The senior coroner said: “Christian and a male friend met up with the girls a few days before.
“They agreed they would meet up again at a travel agents to book a tourist trip.”
The tour hosted by ‘Da Lat Passion Tours’ – which consisted of the three of them and their guide – had been chosen instead of a more difficult ‘canyoning tour’ due to potential dangers.
It was described as a ‘morning trekking’ tour through water, rivers and waterfalls in the inquest at Sheffield Coroners Court today.
Mr Dorries said the group were the only three members of their specific tour.
They were due to be joined by another male but he had fallen ill and did not join the group.
They were picked up by a guide, named as “Dang Van Si”, before commencing on the tour.
The group – who each lived with their respective parents in England – had been walking towards one of six waterfalls in the area, the inquest heard.
The waterfall was not typically vertical and was instead described by the coroner as a “water slide”.
The coroner added: “They were picked up and took off. They walked to an area and were going to go to a waterfall.
“It is a water slide which appears to be popular.
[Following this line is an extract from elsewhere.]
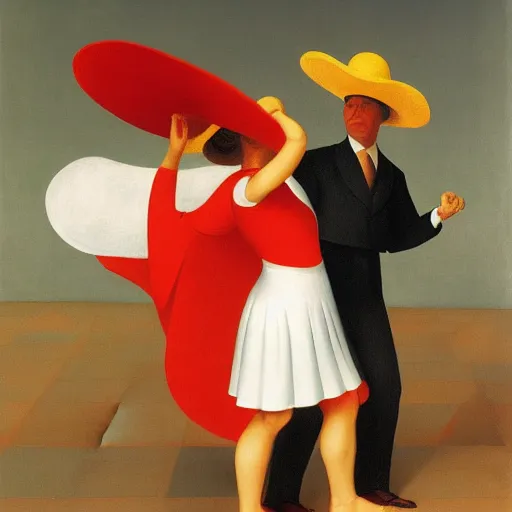 Image similar to a Mexican Hat Dance by Raphael, Hopper, and Rene Magritte. detailed, romantic, enchanting, trending on artstation.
When they got there, people were in the process of going down.”
The coroner said as the group was small with only three members, another tour in front with six people was asked to allow them to go first.
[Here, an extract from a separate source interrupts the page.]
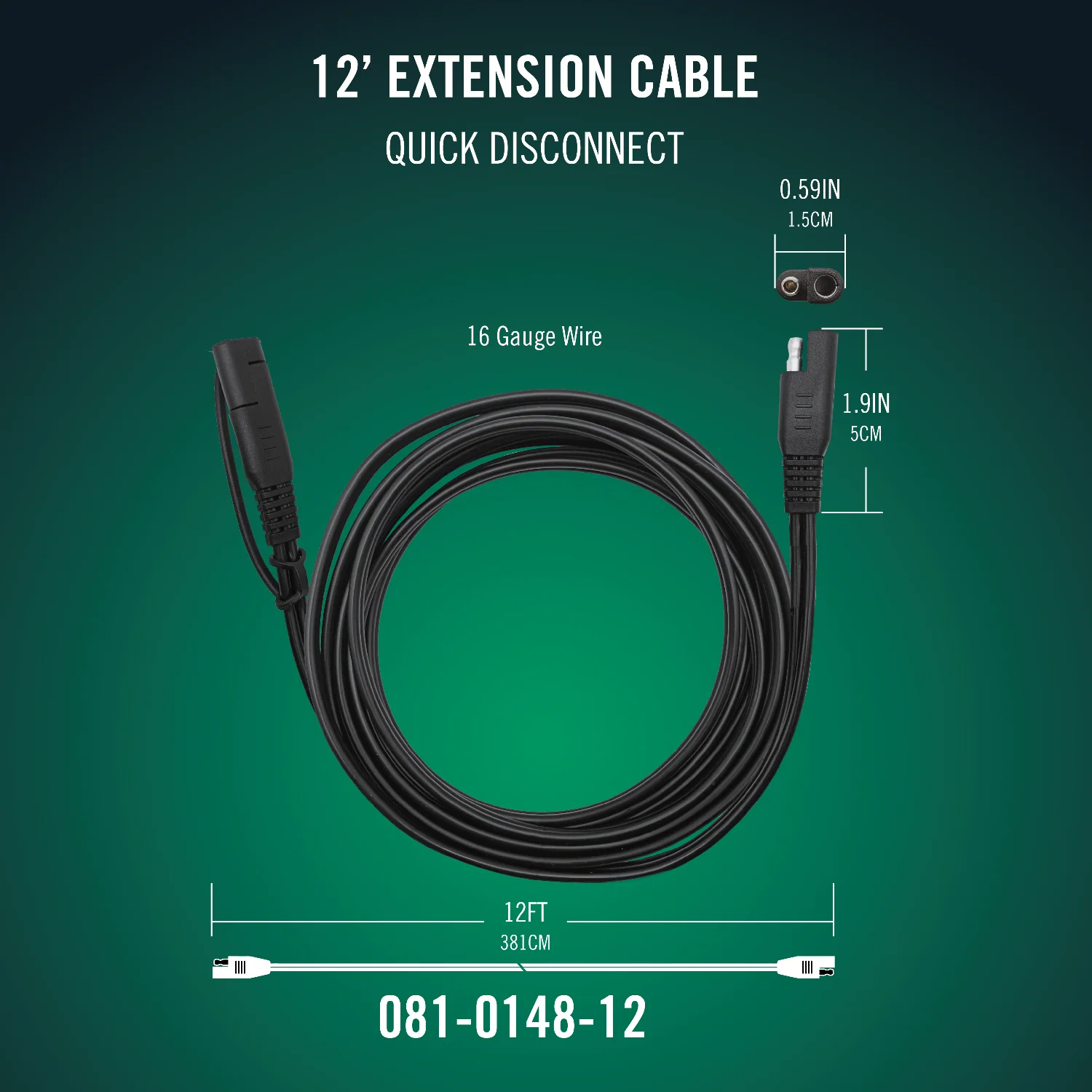 Quick Disconnect  12 Foot Extension Cable 4 Pack - Image 2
The trio laid on their backs, head first, to negotiate the waterfall wearing helmets and life jackets.
“If he knew there was a waterfall was on the other side he would have not gone down it…” – Mr Sloan’s sister Katie Cotterill
As they reached the bottom of the slide, the group were expected to move to the left to dry land from a two metre deep pool of water, the inquest heard.
However, strong currents swept the three victims down river towards the next waterfall.
Their bodies were later recovered from the water with fatal injuries.
Distressing photographs were shown to the inquest of the trio taken by one of the members of the six-strong group behind them.
The photographs showed the three friends in the water below after they had descended the slide just moments before they were caught in the currents.
The inquest was also shown harrowing GoPro footage taken by a member of the group of six as she went down the slide after the trio.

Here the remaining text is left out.